Yet More Prosecutorial Misconduct by the Feds

Tuesday, August 18th, 2009

peroration

We’ve asked it before, but what the heck is going on with some of these federal prosecutors nowadays? There was the whole Ted Stevens fiasco over the winter, when the feds actively withheld exculpatory evidence and witnesses in their rush to convict the former Senator. Then the 7th Circuit directed an acquittal after the feds blatantly misrepresented the facts in a food labeling case. The W.R. Grace case was screwed by federal prosecutors who withheld exculpatory evidence and gave the judge reason to say he has “no faith in anything the Government says” any more.

And now we get yet another case of the feds blatantly misrepresenting the facts. This time, the 9th Circuit reversed and ordered a new trial, though it’s doubtful that there will be another one.

The case is U.S. v. Reyes, decided this morning. This was one of those options backdating cases that were all over the news for a while back in ‘06 and ‘07. (”Backdating” is when a company retroactively picks an effective date for stock options, so as to maximize the potential value of those options. It’s a crime when the extra value isn’t accounted for as an expense, because then the books give investors a false image of the company’s finances.)
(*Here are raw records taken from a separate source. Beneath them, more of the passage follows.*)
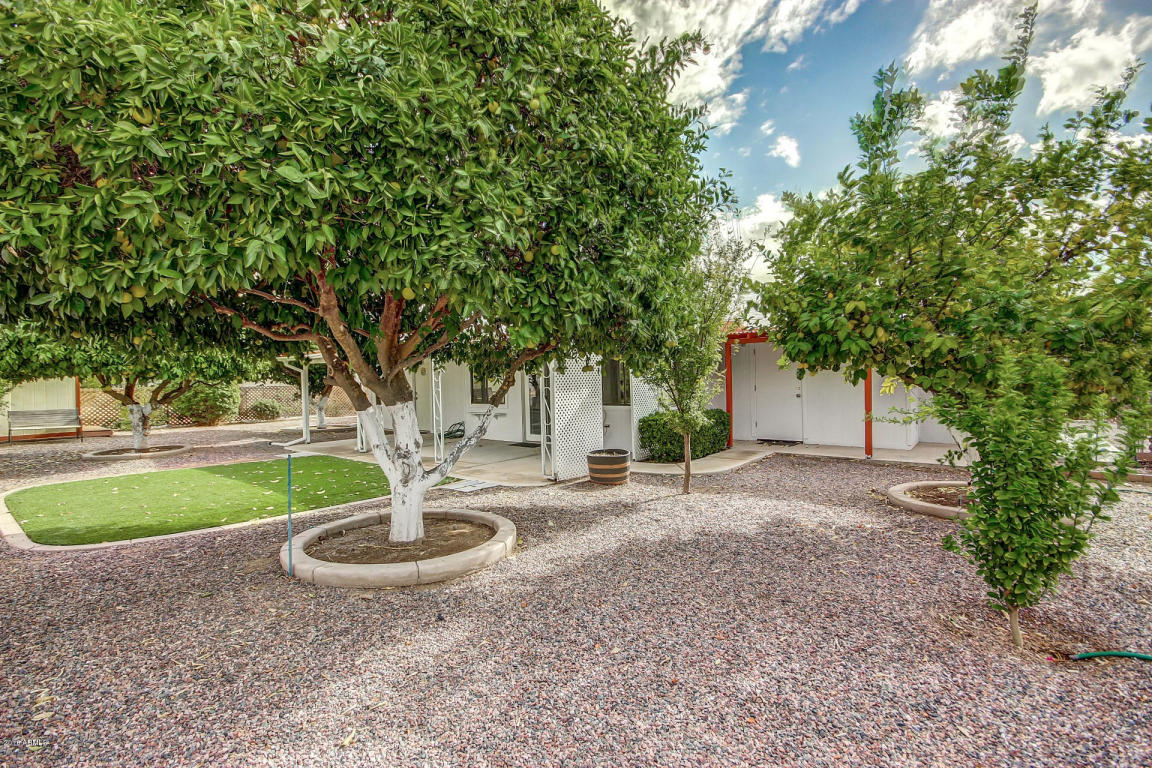 6118 Ellis St, Mesa, AZ 85205 photo 35
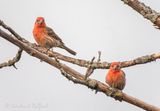Two Male House Finches DSCN138988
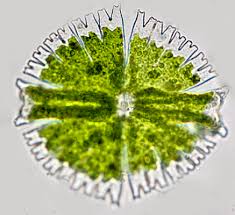 Image result for Micractis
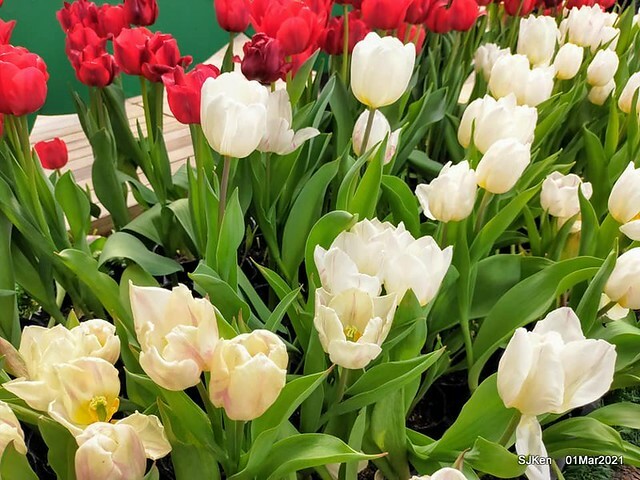 「2021士林官邸鬱金香展」(2021 Shilin Residence Tulip Show), Feb 25 ~ Mar 7, Taipei, Taiwan,SJKen, Mar 1,2021.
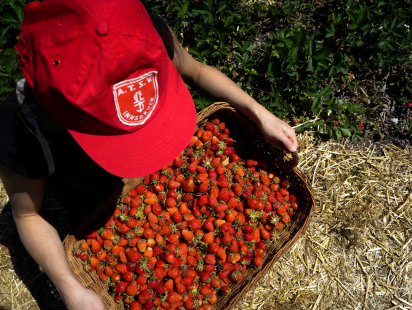 Picking strawberries innsbruck tirol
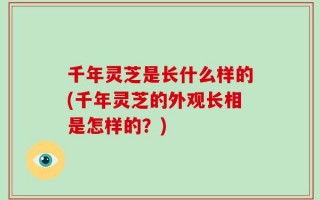 千年灵芝是长什么样的(千年灵芝的外观长相是怎样的？)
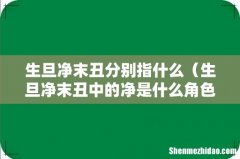 生旦净末丑中的净是什么角色 生旦净末丑分别指什么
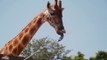 Aussie zoo animals try to beat the heat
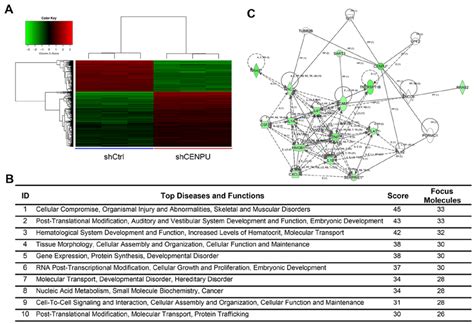 Ingenuity Pathway Analysis Ipa Summary A Clustering Of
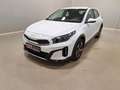 Kia XCeed 1.6 GDi PHEV DCT Vision LED|RFK|SHZ Weiß - thumbnail 2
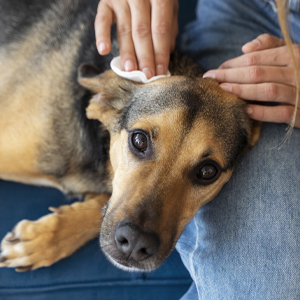 How to Remove Skin Tags on Dogs: All You Need to Know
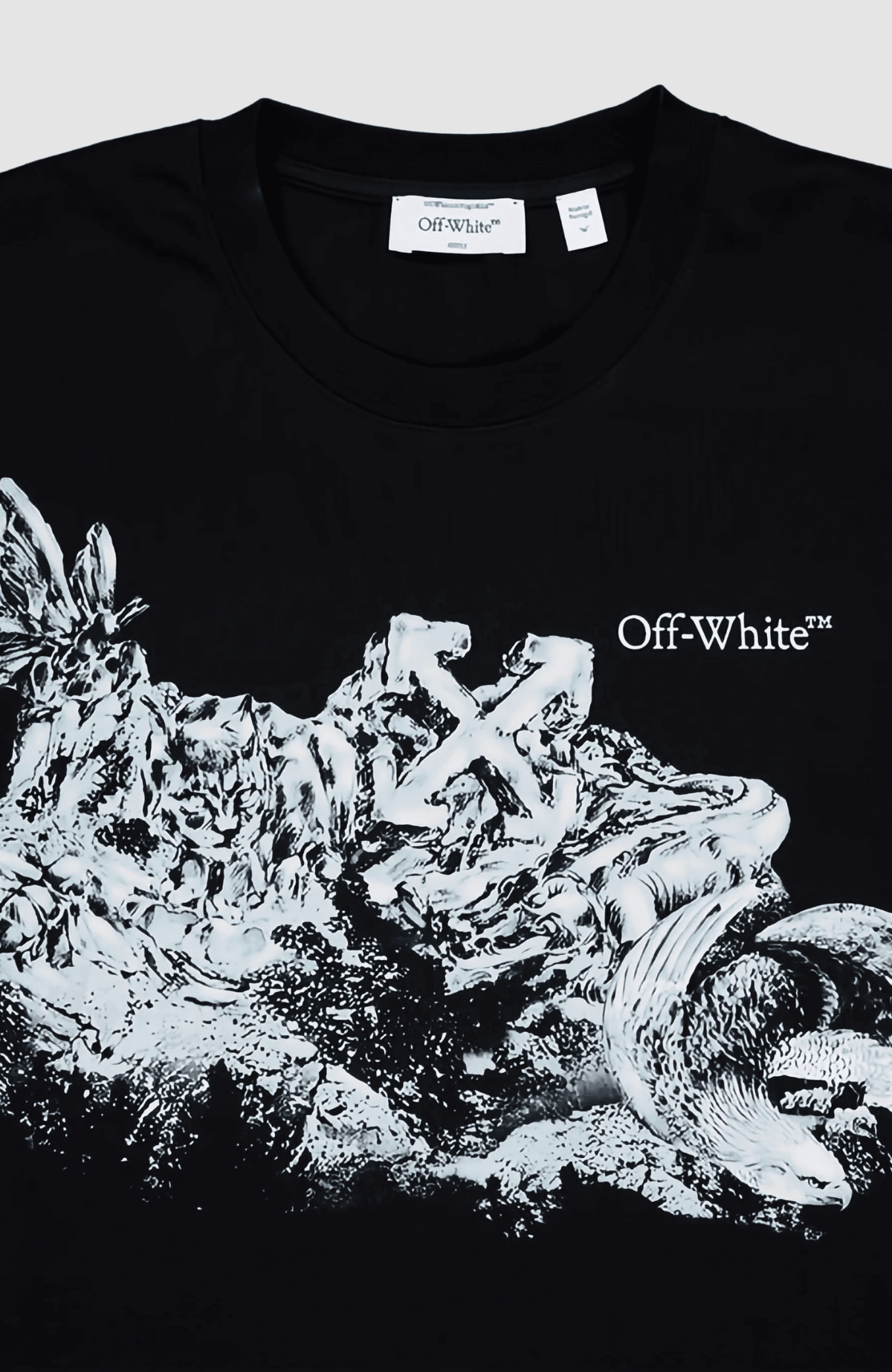 Eagle Rock Slim T-Shirt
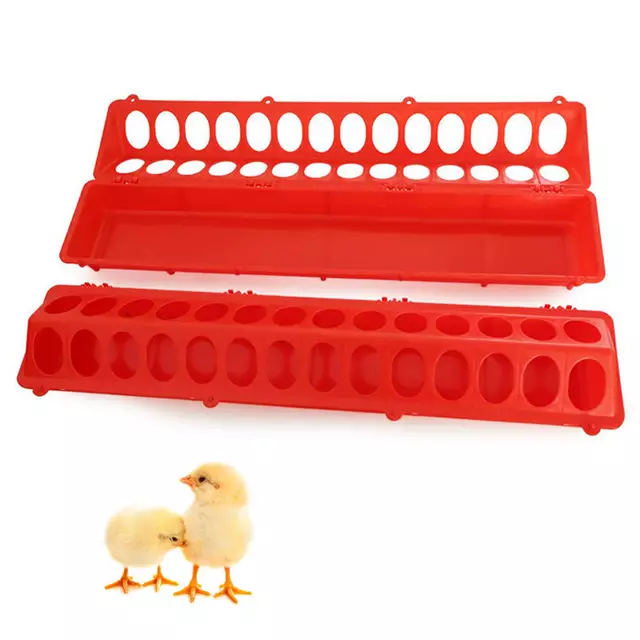 Chick feeder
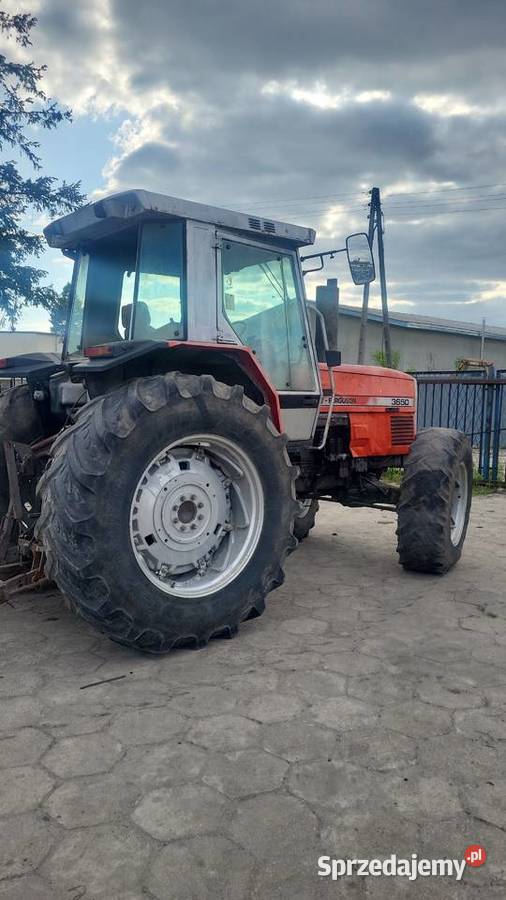 Massey Ferguson 3650 Radzyń Podlaski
Gregory Reyes was the CEO of Brocade Communication Systems. In August 2006, Reyes was charged with securities fraud and related crimes for backdating options without properly accounting for them. At trial, his defense was that he had no intent to deceive. He just signed off on the options in good-faith reliance on his company’s Finance Department.

High-ranking Finance Department employees had given statements to the FBI, describing how they knew all about the backdating scheme. But they didn’t testify at trial. Instead, the prosecution called a Finance Department employee who said she didn’t know about the backdating.

The prosecutor was well aware of the fact that others in the department knew all about it. But during closing arguments, he told the jury that the Finance Department employees “don’t have any idea” that backdating was going on.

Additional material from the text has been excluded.